To achieve a sufficient number of trials and participants for this project, we also had to create (in collaboration with Anna Dreneva) a new computational method to address a long-standing problem in eye tracking research: mapping eye tracker coordinates to overflowing/scrollable content. This resulted in the creation of the R package eyeScrollR, which we hope to see used in many projects around the world!

How did you hear about Cognition and Behavior Lab?

COBE Lab is the go-to place for my research group's study setup and participant recruitment, so I heard about it as soon as I started working at my current department.

How have you used the lab so far? What are the main benefits of being able to use the lab in your opinion?

I've already used the Lab to conduct several correlational and experimental studies using different eye trackers (EyeLink and Aurora), as well as a software validation study.

After visiting several labs around the world, I can attest that COBE Lab is a breeze to work with in comparison. The ethics application process is straightforward and quick, and the participant management and recruitment system couldn't be simpler. A big shout out to Marc and Dan for keeping such a well-organized lab; and yes, the awesome coffee is definitely a nice touch!

Is there a particular recommendation you would like to pass on to other researchers? Something you wish you had known before you started, or just a useful trick.

If you work in a quantitative field, you should prioritize early and consistent training in programming, statistics, and, most importantly, open science principles.

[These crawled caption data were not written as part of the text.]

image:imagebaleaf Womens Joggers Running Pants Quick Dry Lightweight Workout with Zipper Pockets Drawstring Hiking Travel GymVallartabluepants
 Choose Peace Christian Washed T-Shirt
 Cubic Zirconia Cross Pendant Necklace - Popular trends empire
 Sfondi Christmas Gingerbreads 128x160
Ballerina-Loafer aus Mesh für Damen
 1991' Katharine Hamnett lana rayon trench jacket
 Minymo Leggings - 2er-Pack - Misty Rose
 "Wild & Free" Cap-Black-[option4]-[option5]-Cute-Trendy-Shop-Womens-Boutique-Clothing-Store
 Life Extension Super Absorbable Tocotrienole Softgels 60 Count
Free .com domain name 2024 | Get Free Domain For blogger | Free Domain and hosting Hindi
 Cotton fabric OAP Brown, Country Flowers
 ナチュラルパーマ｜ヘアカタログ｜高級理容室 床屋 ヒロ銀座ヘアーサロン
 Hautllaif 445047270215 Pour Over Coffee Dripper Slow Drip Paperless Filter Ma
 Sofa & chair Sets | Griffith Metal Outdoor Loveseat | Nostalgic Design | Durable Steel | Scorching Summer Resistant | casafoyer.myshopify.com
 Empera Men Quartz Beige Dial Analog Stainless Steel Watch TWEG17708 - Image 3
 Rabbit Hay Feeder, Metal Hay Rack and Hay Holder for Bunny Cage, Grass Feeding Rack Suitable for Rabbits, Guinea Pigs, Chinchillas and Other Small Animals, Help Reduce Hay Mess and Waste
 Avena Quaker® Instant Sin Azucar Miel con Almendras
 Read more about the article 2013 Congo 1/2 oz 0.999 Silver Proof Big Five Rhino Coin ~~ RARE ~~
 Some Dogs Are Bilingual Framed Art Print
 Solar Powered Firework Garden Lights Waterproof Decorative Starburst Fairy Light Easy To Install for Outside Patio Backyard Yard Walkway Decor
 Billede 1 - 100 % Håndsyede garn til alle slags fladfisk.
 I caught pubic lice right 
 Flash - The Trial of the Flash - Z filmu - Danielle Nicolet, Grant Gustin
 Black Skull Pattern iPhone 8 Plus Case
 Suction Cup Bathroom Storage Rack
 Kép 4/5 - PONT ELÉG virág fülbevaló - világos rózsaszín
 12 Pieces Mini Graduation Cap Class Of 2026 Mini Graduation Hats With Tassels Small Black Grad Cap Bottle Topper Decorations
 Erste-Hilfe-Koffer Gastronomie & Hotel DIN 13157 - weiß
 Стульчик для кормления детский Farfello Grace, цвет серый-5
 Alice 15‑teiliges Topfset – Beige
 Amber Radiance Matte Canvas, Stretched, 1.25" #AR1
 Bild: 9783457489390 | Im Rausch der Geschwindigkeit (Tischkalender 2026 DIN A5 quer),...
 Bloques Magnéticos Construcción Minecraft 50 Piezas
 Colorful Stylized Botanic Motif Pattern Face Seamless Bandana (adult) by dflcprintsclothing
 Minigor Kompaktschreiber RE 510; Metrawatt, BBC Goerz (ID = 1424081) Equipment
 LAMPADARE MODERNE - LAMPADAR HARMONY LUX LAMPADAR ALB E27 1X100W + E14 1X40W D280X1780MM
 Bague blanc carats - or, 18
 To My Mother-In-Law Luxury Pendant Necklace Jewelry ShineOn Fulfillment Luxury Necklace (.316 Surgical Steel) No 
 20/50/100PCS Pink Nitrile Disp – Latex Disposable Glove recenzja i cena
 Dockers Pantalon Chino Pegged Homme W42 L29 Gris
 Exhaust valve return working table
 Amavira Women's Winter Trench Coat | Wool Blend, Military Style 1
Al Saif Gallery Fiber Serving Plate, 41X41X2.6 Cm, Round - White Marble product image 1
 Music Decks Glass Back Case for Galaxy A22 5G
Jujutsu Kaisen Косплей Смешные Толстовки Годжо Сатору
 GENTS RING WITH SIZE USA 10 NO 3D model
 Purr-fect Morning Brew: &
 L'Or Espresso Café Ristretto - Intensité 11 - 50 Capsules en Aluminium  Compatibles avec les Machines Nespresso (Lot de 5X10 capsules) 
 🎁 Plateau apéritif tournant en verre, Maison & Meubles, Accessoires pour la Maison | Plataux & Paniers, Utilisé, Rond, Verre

In the last 20 years, metascience research has consistently shown that many fields have significant problems that researchers can no longer ignore, but our formal training on best scientific practices remains largely inadequate. We owe it to other researchers, funding sources, the general public, and our own intellectual integrity to be transparent about our data, methods, and thinking processes. I do not believe there is a way to address the current issues without embracing this.

Could you recommend one academic book to fellow colleagues that you think is of great interest?

I am torn between the great and ever-improving Improving Your Statistical Inferences by Daniël Lakens (available online for free!) and the brilliant Statistical Rethinking by Richard McElreath. But since I have to choose one, I'll go with the latter.

Statistical rethinking is an excellent applied introduction to Bayesian statistics and the often-overlooked theme of causal inference, but it is much more than that, and even those who prefer to stick with traditional frequentist approaches will benefit greatly from the reading. The book provides a thorough understanding of the inner mechanisms of statistical inference and GLMM while remaining accessible to scientists with a light background in mathematics and programming (though prior knowledge of applied statistics is recommended). Most importantly, the author tightly connects statistical analyses with scientific model development, which is how it should be but unfortunately rarely is. If nothing else, I think all quantitative scientists should at the very least read and reflect on the first chapter.

Finally, what do you enjoy doing away from your research? 

Programming has been one of my hobbies for a long time, as have video games; for all fellow nerds out there, I began my gaming journey on an Amstrad CPC 6128 when I was 6. Otherwise, drumming would take the cake if I had more time to devote to it. I still can't decide whether I want to be an academic or a rock star when I grow up.